卒業式で歌われる「ハレルヤ」は、確か、4.5.6年生が参加するもので、冬になる前、11月くらい?に、全員音楽教師の指導の元で声の高低の篩分けが行われ、ソプラノ、メゾソプラノ、アルト、バス(バスはあった年となかった年があったような…)にわけられ、(そもそもこの時点でどうかしている気がする)それぞれの楽譜をもらった。私はいつもソプラノで、高く澄んだロングトーンの「キングオブキーーーーーーーーーング」が息継ぎ無しで歌えるように毎日練習を熱心に(家の風呂とかで)繰り返したし、その自分のソプラノパートに、アルトの「ハレルヤ、ハレルヤ」というコーラスが絡みつくように重なった時の高揚感は鮮烈で今でもよく覚えている。音楽の授業なんて、と真面目に取り組まない男子などは小学生の頃からいて、でも彼らも卒業式のハレルヤだけは別だった。そういう男子の中には6年生の頃には早くも声変わりを迎える子もいて、彼らが真顔で重々しく歌うバスのパートは本当に格好良かった。もしかしてバスがあったりなかったりしたのは、その年ごとにバスパートを歌える声の子供の多寡によって決められていたのかもしれない。卒業式のハレルヤに参加できることは、大袈裟に言えばあの小学校でのイニシエーションのひとつであり、4年生になって「ハレルヤを歌える」ことは嬉しく誇るべきことであったし、6年生の最後のハレルヤは、まさに華々しく、誇り高く、印象深いものだった。卒業式という儀式の、最も印象深いものがハレルヤだったので、中学高校と進んで「えっなにそれ卒業式でそんなん歌うとか聞いたことない」と何度も言われ驚愕したものだった。(同じ学校を出た弟も同じ経験をしている)だってどの学校も卒業式ではハレルヤ歌うものだと思ってたから!卒業式はハレルヤを歌うものなんじゃないの?!ハレルヤ歌わなかったら何するの?!私、卒業式とかハレルヤ以外覚えてないよ!なにしろ子供とは言え、400人超え(1学年8組、一クラス45人とかいた世代です)の混声四部合唱ですよ、体育館(ふつう)に響き渡るその歌声は、歌ってる当事者からしたって凄まじく圧倒的だった!(伴奏はどうしてたんだろうか、演奏してた子もいたような記憶あるけど、小学生でそんなまともな吹奏楽部とかあったか…?)おかげでハレルヤ強烈すぎて、他にも合唱大会とかあったし歌ったはずなんだがモルダウもイカロスも極めて印象が薄い。

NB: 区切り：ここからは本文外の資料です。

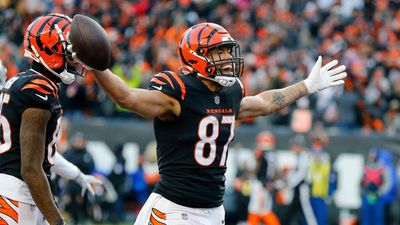 Bengals TE C.J. Uzomah ‘Not Missing’ Super Bowl Despite Knee Injury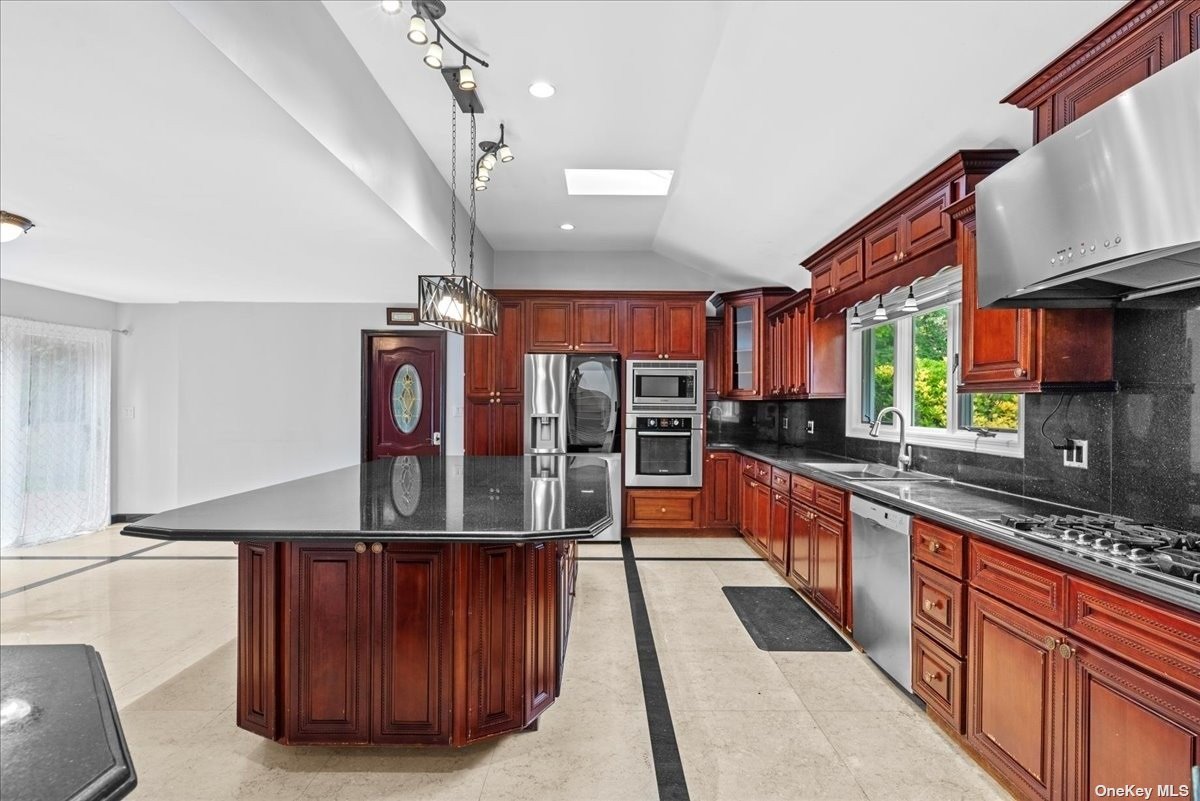 6820 N Hempstead Turnpike, Oyster Bay Cove, New York image 8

新世界の組体操は、これも5.6年生が参加するもので、教師の笛の合図など一切なし、あのドヴォルザークの楽曲に合わせて、マスゲームと組体操をする、というものだった。生徒は4色(運動会の組分けの色)の薄いハンカチを持ち、サボテンやタワー(3段!)やピラミッド(6段!!)を含む組体操の技をフォーメーションを大きく変えながら、流れるようにこなしていくのだ。これも、ドヴォルザークの新世界という楽曲がどんな曲か、何を表しているかという解釈から始まり(ここでサボテンやるのはアメリカ大陸にサボテンいっぱい生えてたからなんだぞとか今思うとだいぶ適当)、運動会前の体育の授業はほぼ新世界の練習に費やされた。私は普段図書室に入り浸り、何か気に入らないことがあると平然と学校を抜け出して家で寝ているような子供だったけど、新世界の練習を億劫に感じたことはなかったように思う。うまくできなくて体育教師に叱られたことはあっても、練習をしないことで叱られている子は、皆無だったと思わないけど小学生の私には見当たらなかった。教師も「曲を聞け!」とか「腕をしっかり伸ばせ!」とは言っても「ちゃんとやれ!真面目に練習しろ!」と言うたぐいの小言は言っていなかったように記憶している。つまりハレルヤと同じく、新世界に参加できることは、あの小学校では晴れがましく誇らしいことだったのだ。最後の見せ場はやはりピラミッドで、昨今危険だと言われるアレを6段で作り上げ、しかも最後には、楽曲のまったく壮大に重々しく盛り上がる最終楽章で、無言でべしゃっと潰れるという、ほんと今思うとなんでそこまでやったという勇壮ぶりであった。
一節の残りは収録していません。